> [WHAT YOU NEED TO DO] An exact copy of every entry is required, without the pictures.

Dataset excerpts:
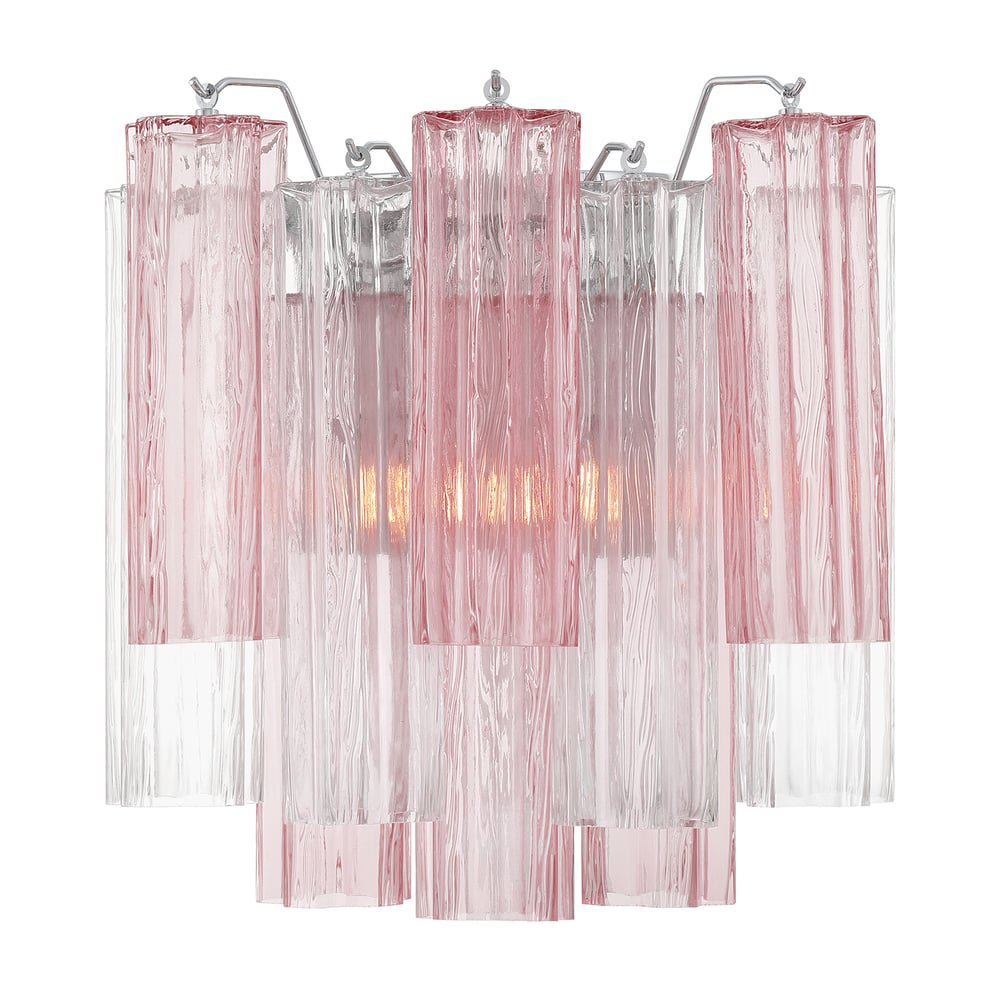 Aurora Wall Light Tronchi Glass Tube Tiered Amber Modern - Letslighting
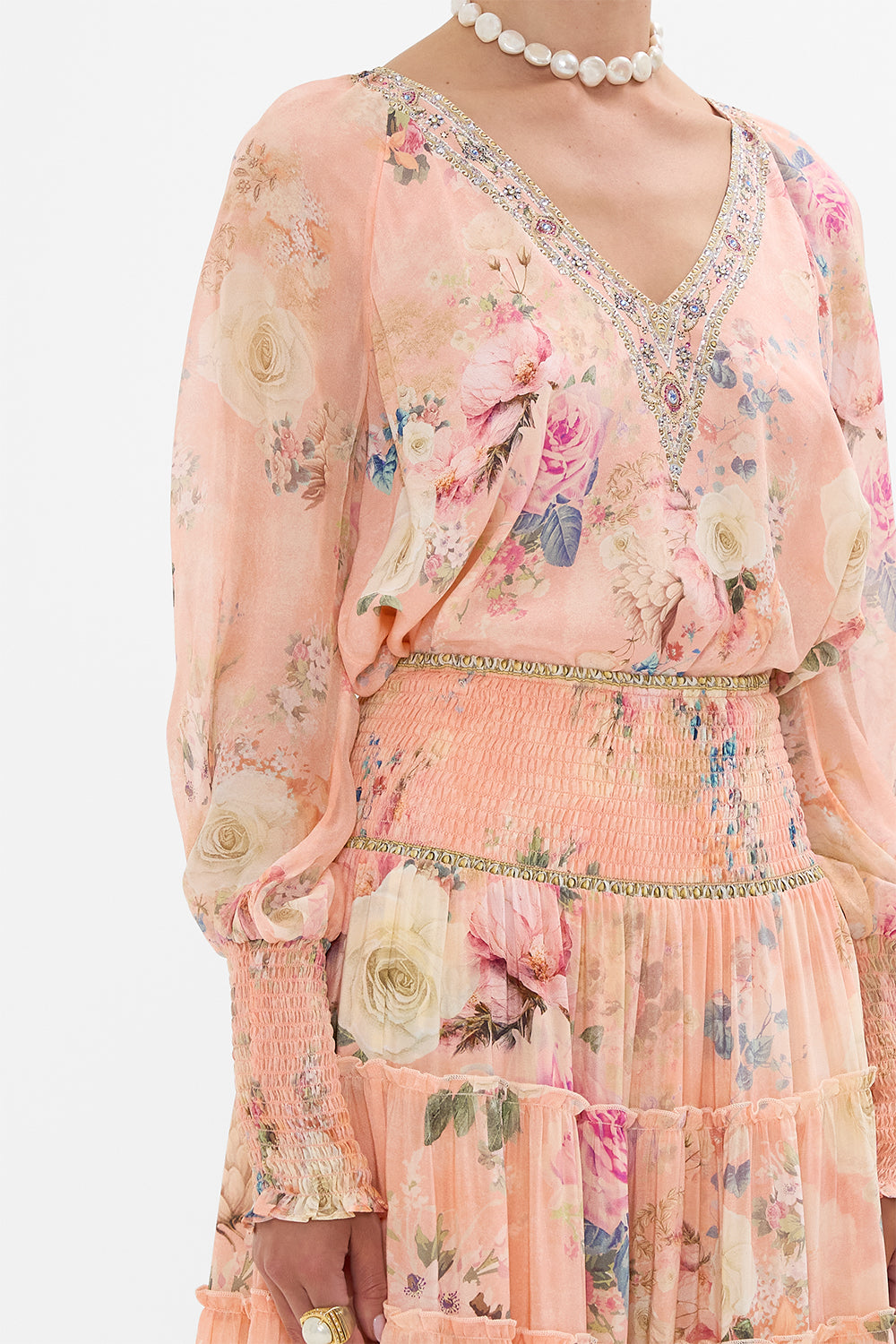 CAMILLA Floral Shirred Cuff Blouse in The Jewellery Palace print. 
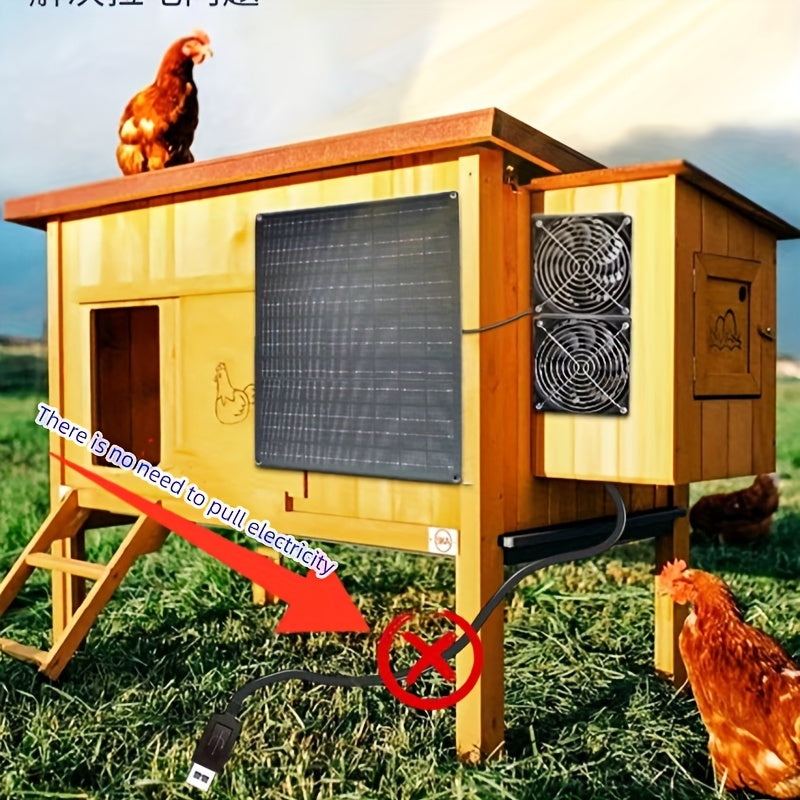 Quyosh energiyali uy hayvonlari uchun ventilyator 15W Monokristall panel bilan sovutish, itlar va mushuklar uchun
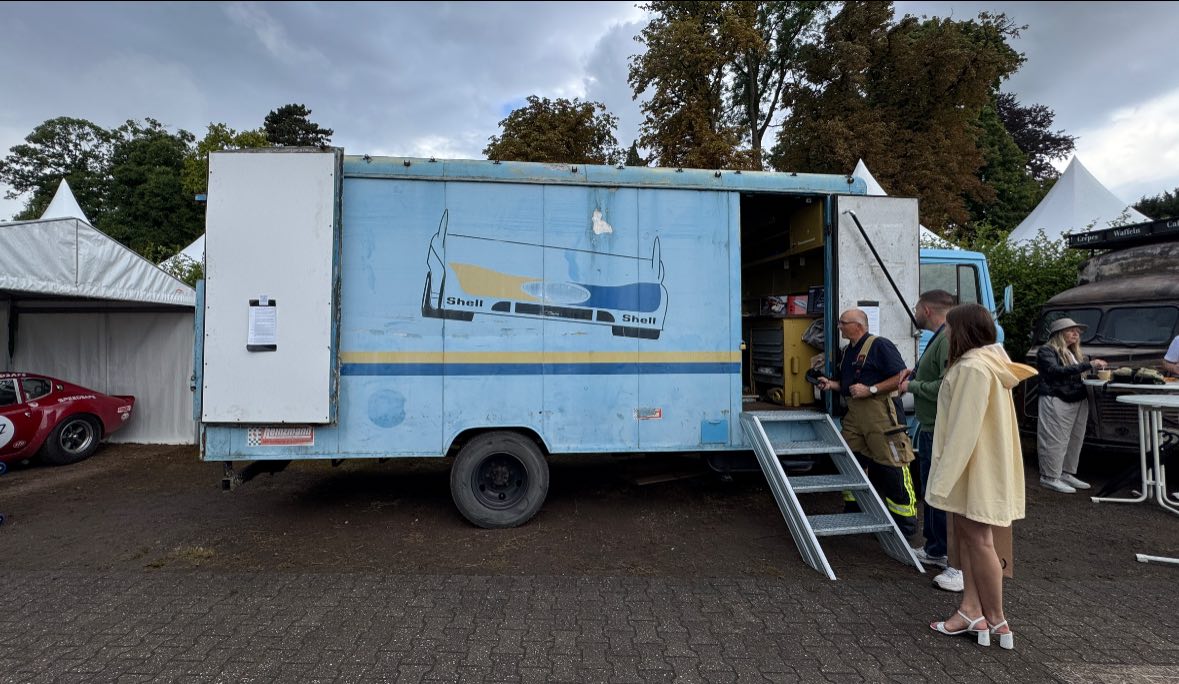 A vintage car transporter.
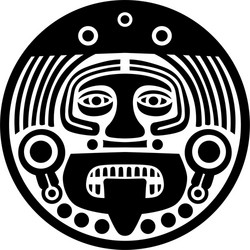 Maya Aztec Mask Silhouette vector
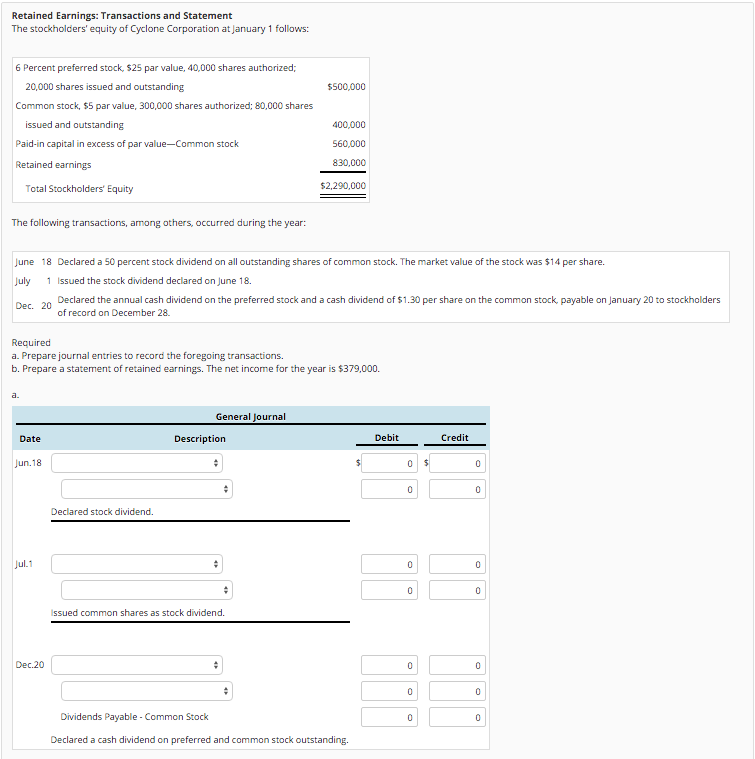 Help Needed! Retained Earnings: Transactions and Statement The stockholders' equity of Cyclone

> [RESPONSE AREA]
 Aurora Wall Light Tronchi Glass Tube Tiered Amber Modern - Letslighting
 CAMILLA Floral Shirred Cuff Blouse in The Jewellery Palace print. 
 Quyosh energiyali uy hayvonlari uchun ventilyator 15W Monokristall panel bilan sovutish, itlar va mushuklar uchun
 A vintage car transporter.
 Maya Aztec Mask Silhouette vector
 Help Needed! Retained Earnings: Transactions and Statement The stockholders' equity of Cyclone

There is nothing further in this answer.